Tout a commencé au cap Griz-Nez, sur les côtes de la Manche non loin de la Belgique. Depuis des décennies, des scientifiques suivaient l’écologie et la reproduction de ces algues rouges. Myriam Valéro, alors chercheuse à l’université de Lilles a participé à ces travaux : "Je me souviens que l’on retrouvait ces petits crustacés dans des cuvettes qui se découvraient à marée basse, les algues restent toujours immergées, c’était un moment où l’eau était très calme. Or c’est à marée basse que les fécondations avaient lieu, au moment où les mouvements de l’eau étaient les plus faibles."

A l’époque, les chercheurs avaient bien imaginé que de petits invertébrés pouvaient disperser des spores d’algues mais jamais ils ne s’étaient imaginé qu’un animal pourrait intervenir dans leur fécondation.

Myriam Valéro n’en revient toujours pas : "C’est un dogme qu’on a rompu dans le milieu marin"

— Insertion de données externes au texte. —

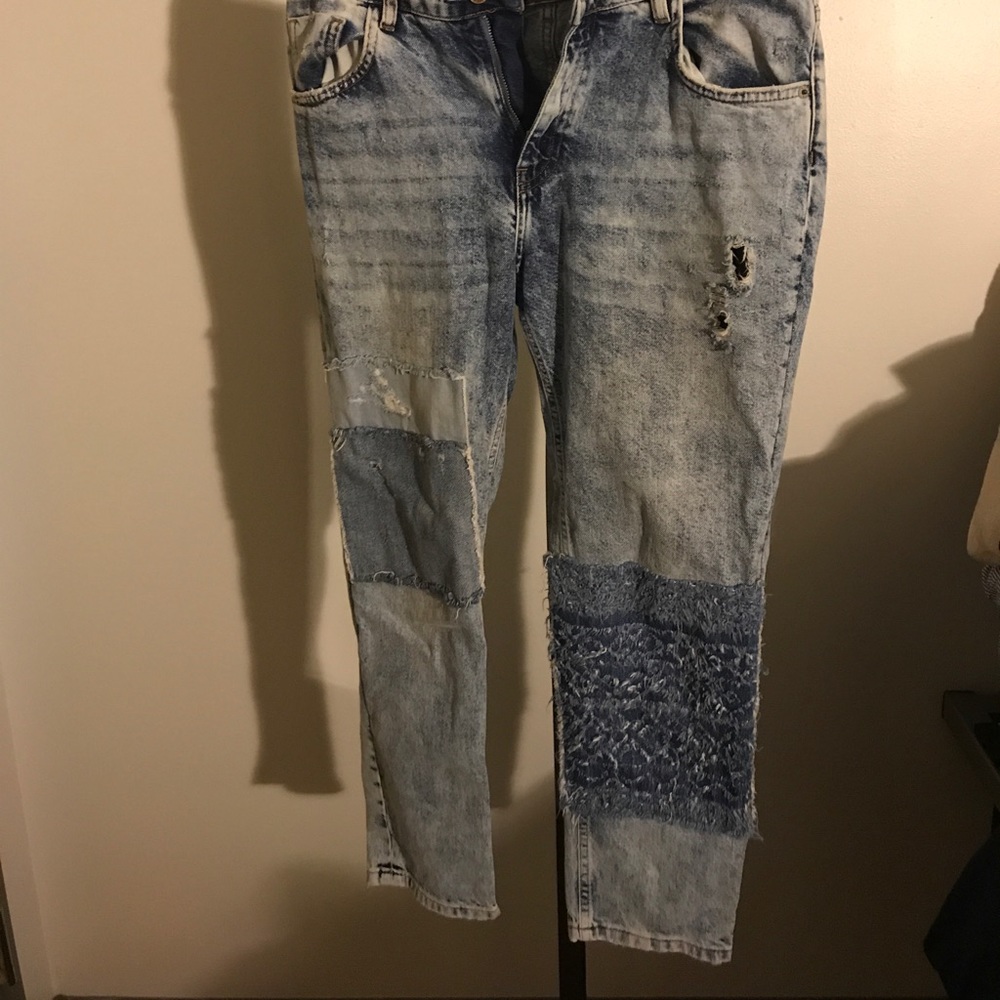 Like new pull and bear jeans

Les pollinisations entre animaux et végétaux bien plus anciennes qu’on ne le pensait

Mais cette découverte pourrait signifier que l’origine des pollinisations entre animaux et végétaux serait bien plus ancienne qu’on ne l’imaginait.

On pensait que l’origine était celles des animaux avec des plantes à fleurs, qui sont arrivées sur terre, il y a 150 millions d’années. D’autres publications ont ensuite montré que les pollinisations se sont passées aussi chez les fougères et les mousses, arrivées elles, il y a environ 450 millions d’années, quand les plantes ont migré des océans pour coloniser le milieu terrestre, avec cette découverte, entre crustacé et algues rouges pourrait encore faire remonter le temps, les algues sont apparues il y a 800 millions d’années mais l’arrivée des animaux se situe à quelque 650 millions d’années. La pollinisation pourrait donc dater de 650 millions d’années.

Pour ces scientifiques, Cela reste pour le moment une hypothèse. Ils vont maintenant investiguer cette "pollinisation" sur d’autres familles d’algues rouges, si cela devait être plus répandu, cela voudra dire que ce n’est plus anecdotique.